Wenn er jetzt nur zu Testzwecken vielleicht 100 Instrumente bauen würde mit allen möglichen Hölzern jeweils 10 mit identischem Holz , und natürlich alle mit gleicher Hardware. Und sich ein gutes Blindtestdesign ausdenkt.
Dann könnte er fundierte Aussagen über Holzklang machen.
Ähnliches liest man zu dem Thema ja immer wieder, und es klingt ja soo rational (und führt aus den von Dir genannten Gründen dazu, dass es keiner probiert), aber ich möchte das mal hinterfragen.
Denn so simpel funktioniert das menschliche Gehirn nicht, weil es Informationen viel komplexer verarbeitet als ein Computer.
Erfahrungswissen bildet sich ganz anders heraus. Ich kann mir vorstellen, dass es vielen widerstrebt, sich in diese Welt des Ungefähren zu begeben, aber gerade Instrumentenbau hat viel mit einem
Gefühl für die Dinge zu tun, mit denen einer arbeitet. Das ist ähnlich wie ein Koch, der keine Daten über den Schärfegrad einer Chilisorte und keine Feinwaage für die Dosierung braucht, um ein Gericht abzuschmecken. Er entwickelt wie viele Handwerker ein Erfahrungswissen, dass er keineswegs immer in Worte fassen kann.
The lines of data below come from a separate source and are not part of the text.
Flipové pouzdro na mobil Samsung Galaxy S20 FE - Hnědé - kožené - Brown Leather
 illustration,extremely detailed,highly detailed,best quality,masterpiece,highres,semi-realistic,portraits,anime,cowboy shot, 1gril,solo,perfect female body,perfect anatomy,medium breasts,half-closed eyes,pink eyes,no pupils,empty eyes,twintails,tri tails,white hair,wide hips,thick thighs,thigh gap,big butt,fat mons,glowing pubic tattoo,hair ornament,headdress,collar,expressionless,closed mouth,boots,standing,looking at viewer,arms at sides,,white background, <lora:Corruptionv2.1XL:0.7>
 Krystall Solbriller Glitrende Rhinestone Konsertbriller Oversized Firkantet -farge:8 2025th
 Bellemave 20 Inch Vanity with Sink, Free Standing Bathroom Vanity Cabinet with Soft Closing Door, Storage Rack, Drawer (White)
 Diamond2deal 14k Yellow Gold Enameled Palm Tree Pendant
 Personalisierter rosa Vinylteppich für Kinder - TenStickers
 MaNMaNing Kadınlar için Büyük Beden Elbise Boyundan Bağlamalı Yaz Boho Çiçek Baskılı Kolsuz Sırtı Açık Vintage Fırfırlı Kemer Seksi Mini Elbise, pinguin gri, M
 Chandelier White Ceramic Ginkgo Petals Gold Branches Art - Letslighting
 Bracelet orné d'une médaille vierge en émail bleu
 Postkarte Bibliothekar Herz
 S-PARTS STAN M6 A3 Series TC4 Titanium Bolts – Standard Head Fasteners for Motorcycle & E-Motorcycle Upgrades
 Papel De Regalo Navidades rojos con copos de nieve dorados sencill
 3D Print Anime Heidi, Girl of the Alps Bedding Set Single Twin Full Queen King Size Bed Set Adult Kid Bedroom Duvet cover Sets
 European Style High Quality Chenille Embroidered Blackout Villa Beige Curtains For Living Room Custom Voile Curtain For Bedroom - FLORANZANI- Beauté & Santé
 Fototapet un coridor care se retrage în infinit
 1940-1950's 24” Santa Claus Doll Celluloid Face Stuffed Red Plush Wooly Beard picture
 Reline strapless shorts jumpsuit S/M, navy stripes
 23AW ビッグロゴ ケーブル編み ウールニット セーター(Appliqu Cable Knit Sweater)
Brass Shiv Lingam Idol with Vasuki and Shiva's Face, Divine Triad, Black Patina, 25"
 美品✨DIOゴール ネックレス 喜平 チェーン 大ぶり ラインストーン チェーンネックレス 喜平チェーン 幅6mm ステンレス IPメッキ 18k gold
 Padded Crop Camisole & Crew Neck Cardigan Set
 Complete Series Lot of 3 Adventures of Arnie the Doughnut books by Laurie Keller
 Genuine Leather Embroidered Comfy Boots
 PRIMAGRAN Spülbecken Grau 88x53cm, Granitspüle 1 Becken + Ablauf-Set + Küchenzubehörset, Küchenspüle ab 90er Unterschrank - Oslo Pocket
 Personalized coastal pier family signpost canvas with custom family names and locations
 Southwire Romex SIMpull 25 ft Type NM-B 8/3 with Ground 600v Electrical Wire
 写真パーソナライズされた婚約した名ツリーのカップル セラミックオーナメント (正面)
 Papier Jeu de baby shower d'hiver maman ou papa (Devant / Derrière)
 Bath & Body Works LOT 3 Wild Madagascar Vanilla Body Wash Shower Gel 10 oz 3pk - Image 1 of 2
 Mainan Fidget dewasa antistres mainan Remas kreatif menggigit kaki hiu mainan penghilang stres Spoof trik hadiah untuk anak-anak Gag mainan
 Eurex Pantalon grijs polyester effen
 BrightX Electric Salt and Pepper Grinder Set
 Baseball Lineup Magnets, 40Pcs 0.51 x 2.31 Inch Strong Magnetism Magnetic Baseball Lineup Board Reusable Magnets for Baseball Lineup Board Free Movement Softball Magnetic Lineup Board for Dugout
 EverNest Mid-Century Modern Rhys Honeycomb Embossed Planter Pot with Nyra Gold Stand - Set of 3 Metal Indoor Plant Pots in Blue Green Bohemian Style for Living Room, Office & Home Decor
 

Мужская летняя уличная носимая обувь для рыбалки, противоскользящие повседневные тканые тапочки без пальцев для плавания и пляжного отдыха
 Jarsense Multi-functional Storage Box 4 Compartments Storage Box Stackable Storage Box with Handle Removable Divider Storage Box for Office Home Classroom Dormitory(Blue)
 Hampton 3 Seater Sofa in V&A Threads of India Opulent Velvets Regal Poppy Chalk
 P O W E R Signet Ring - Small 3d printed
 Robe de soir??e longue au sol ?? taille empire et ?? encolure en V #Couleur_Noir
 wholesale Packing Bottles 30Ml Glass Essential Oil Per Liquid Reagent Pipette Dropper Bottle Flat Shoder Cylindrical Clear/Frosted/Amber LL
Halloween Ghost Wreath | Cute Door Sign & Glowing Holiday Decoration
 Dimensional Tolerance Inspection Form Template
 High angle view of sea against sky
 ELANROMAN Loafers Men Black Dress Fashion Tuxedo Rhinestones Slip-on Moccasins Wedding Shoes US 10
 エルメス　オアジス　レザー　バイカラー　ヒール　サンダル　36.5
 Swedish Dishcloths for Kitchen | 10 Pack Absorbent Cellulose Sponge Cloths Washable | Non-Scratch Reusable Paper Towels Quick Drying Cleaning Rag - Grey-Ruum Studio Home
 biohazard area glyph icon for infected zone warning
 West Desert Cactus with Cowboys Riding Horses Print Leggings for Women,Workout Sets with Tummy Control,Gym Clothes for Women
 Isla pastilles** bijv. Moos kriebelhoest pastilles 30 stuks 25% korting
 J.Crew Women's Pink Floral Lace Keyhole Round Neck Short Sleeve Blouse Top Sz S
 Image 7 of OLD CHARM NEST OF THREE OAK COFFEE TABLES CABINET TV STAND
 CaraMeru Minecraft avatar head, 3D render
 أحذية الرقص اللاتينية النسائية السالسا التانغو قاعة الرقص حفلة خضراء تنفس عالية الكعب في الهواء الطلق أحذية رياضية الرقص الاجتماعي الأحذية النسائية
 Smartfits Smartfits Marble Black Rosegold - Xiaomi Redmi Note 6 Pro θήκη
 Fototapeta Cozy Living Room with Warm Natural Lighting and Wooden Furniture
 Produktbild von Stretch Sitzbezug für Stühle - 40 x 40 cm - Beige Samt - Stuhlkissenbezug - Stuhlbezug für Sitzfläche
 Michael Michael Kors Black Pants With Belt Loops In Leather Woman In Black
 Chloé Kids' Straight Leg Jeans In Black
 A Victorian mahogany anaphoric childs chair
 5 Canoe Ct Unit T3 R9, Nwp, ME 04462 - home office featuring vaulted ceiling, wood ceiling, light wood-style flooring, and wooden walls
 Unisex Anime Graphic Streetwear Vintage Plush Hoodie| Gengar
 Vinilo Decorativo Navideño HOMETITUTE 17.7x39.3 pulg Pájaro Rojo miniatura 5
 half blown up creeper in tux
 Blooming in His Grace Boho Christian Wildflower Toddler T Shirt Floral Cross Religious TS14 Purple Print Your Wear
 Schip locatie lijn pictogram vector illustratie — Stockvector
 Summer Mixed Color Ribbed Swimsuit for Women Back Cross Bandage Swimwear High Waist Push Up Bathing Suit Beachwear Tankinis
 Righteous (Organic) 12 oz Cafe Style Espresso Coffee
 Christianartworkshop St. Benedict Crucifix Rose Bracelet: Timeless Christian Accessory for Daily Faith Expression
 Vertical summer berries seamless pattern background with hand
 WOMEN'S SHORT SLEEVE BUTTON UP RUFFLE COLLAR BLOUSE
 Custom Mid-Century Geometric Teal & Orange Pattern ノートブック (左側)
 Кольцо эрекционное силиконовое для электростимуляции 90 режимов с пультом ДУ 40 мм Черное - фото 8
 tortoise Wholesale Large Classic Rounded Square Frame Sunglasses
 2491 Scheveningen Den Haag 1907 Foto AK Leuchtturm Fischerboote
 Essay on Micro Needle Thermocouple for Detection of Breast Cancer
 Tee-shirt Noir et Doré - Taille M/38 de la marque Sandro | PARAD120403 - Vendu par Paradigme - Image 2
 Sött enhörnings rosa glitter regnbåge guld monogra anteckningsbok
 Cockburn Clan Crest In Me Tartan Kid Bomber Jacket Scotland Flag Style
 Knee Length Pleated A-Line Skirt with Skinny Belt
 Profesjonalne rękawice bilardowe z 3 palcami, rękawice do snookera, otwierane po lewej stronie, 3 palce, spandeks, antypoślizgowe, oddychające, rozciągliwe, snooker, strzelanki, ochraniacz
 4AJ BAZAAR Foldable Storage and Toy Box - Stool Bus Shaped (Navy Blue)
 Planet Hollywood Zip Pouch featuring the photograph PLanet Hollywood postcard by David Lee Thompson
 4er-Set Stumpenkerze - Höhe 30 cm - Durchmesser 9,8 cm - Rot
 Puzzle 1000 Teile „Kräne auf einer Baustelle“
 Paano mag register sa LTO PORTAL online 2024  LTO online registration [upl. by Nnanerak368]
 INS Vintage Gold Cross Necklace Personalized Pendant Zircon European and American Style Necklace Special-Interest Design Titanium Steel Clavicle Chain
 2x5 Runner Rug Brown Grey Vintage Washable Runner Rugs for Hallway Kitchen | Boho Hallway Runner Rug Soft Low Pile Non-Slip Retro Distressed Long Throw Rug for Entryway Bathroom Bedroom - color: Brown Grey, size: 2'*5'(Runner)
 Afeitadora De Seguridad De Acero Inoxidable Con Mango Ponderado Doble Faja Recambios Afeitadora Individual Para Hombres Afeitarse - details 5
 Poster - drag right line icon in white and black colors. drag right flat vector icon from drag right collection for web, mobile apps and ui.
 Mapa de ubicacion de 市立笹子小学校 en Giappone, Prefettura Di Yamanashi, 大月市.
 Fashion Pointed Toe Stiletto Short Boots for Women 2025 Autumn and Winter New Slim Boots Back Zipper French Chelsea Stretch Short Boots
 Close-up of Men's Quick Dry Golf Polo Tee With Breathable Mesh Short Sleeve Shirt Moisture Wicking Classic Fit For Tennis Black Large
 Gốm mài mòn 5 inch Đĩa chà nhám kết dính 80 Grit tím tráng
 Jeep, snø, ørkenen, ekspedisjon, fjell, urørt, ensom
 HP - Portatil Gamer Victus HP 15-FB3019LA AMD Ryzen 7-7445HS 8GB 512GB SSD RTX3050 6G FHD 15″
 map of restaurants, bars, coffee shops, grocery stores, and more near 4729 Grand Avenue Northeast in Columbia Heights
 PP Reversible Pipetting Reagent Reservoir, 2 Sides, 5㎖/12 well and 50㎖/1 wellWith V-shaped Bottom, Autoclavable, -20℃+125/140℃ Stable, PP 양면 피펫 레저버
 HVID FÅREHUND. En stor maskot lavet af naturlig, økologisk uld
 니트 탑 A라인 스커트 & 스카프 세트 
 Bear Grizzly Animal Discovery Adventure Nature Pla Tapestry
Das heißt aber nicht, dass er in seinem Kopf keine Vorstellung davon hat, welche Komponente sich beim Bau wie auswirkt. Man muss nicht lauter
gleiche Gitarren bauen, sondern im Gegenteil möglichst viele verschiedene, damit sich dieses Erfahrungswissen herausbildet.
Ich bin kein Chefkoch und kein Instrumentenbauer, sondern nur ein jahrzehntelanger Bastler - aber ich bin bei einer Gitarre inzwischen auch ziemlich treffsicher mit meinen Annahmen, was ich verändern muss, um bestimmte Dinge zu erreichen - und an die Grenzen, die die Substanz hergibt.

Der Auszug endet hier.